600 to hunt 360 acres until mid sep that dont sound fair to me.U cant let some of the guys off this form hunt it for free sounds like u want the hogs gone anyway


----------



## idsman75 (Jun 23, 2010)

I'm on a lease right now +/- 500 acres.  20 or so permanent ground blinds.  A camp with electricity, running water, sheltered camp kitchen with stove/microwave/sink/etc, and toilet/shower on site.  Food plots are being put in at the right time.

It's a year-round membership for $600.  I can hunt deer, hogs, turkey, dove, and anything else that's legal.  There's high-lands and swampy low-lands and a stream that runs along the property in one of my favorite spots.  

I can't see paying $600 for 360 acres simply for summer-time hog hunting rights.


----------



## ATC (Jun 23, 2010)

I can't see paying $600 for 360 acres simply for summer-time hog hunting rights.[/QUOTE]

Some people are just too greedy.  They think that they can get premium prices for not so premium products/services.

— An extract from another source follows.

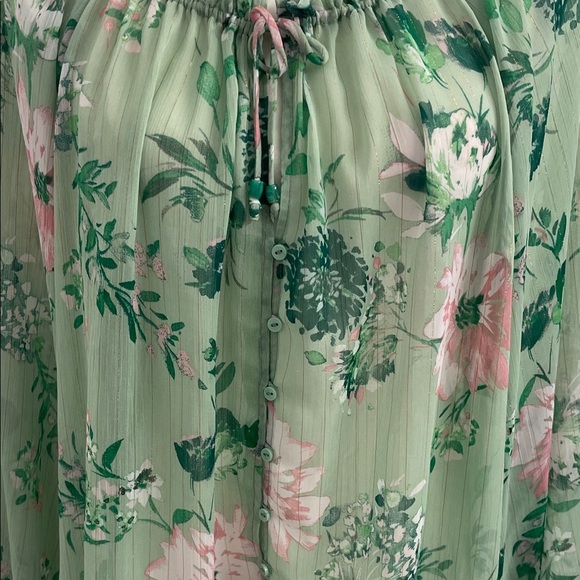 Zara Floral Sheer Blouse in Mint Green & Pink Ruffle Collar with Tie Flowy Fit - Picture 8 of 16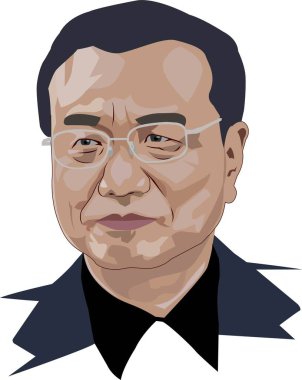 Li Keqiang Portre Vektörü İllüstrasyonu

I too think thats way over priced, but as someone I just took on a little hunt said last weekend, I'm (and other soldiers) are spoiled, only having to pay $30 a year for hunting rights to 200,000 acres.


----------



## lungbuster123 (Jun 23, 2010)

They might be "spoiled" but its not like they dont deserve it!


----------



## ArmyTaco (Jun 23, 2010)

Yeah it was nice on Stewart..but 600 is high. Theres a club not too far from me listed on here for that price for a membership..its 1700 acres..lol Seems like he wants someone to pay his deer lease.


----------



## idsman75 (Jun 24, 2010)

ATC said:


> I can't see paying $600 for 360 acres simply for summer-time hog hunting rights.



Some people are just too greedy.  They think that they can get premium prices for not so premium products/services.

I too think thats way over priced, but as someone I just took on a little hunt said last weekend, I'm (and other soldiers) are spoiled, only having to pay $30 a year for hunting rights to 200,000 acres.[/QUOTE]

I avoid hunting Fort Benning if at all possible.  The only thing I do there is run traps and nothing more.  I've seen too much ugliness between hunters -- especially retirees that think "this is my hunting spot" just because they've been going to the same place for 15 years.  I prefer to deal with a private club with access to private land with a club President who can settle disputes and give people the boot who are unsportsmanlike.  That's personal preference though.  Not knocking the good folks that hunt military reservations.  I'd just rather not deal with the headache.


----------



## idsman75 (Jun 24, 2010)

ArmyTaco said:


> Yeah it was nice on Stewart..but 600 is high. Theres a club not too far from me listed on here for that price for a membership..its 1700 acres..lol Seems like he wants someone to pay his deer lease.



$600 isn't bad considering all of the food plots and permanent ground blinds that have been put in -- not to mention all the amenities.  I guess it's all relative.


----------



## tsknmcn (Jun 24, 2010)

Just go here to this thread and join the club for $15 more and you can hunt deer too.  
http://forum.gon.com/showthread.php?t=546918&highlight=


----------



## ArmyTaco (Jun 25, 2010)

idsman75 said:


> $600 isn't bad considering all of the food plots and permanent ground blinds that have been put in -- not to mention all the amenities.  I guess it's all relative.



Meant for 360 acres. Not a real piece of land..


----------



## ArmyTaco (Jun 25, 2010)

tsknmcn said:


> Just go here to this thread and join the club for $15 more and you can hunt deer too.
> http://forum.gon.com/showthread.php?t=546918&highlight=



Wow someone was trying to pull a fast one...hmm lets see $615 for full time access or $600 for 2 months of HOG hunting. Man thats a steal..why hasnt anyone jumped on that.

See I called it in my other thread..he wants his lease paid for.


----------



## bfriendly (Jun 25, 2010)

william johnson said:


> 600 to hunt 360 acres until mid sep that dont sound fair to me.U cant let some of the guys off this form hunt it for free sounds like u want the hogs gone anyway




Took em right out of my mouth


----------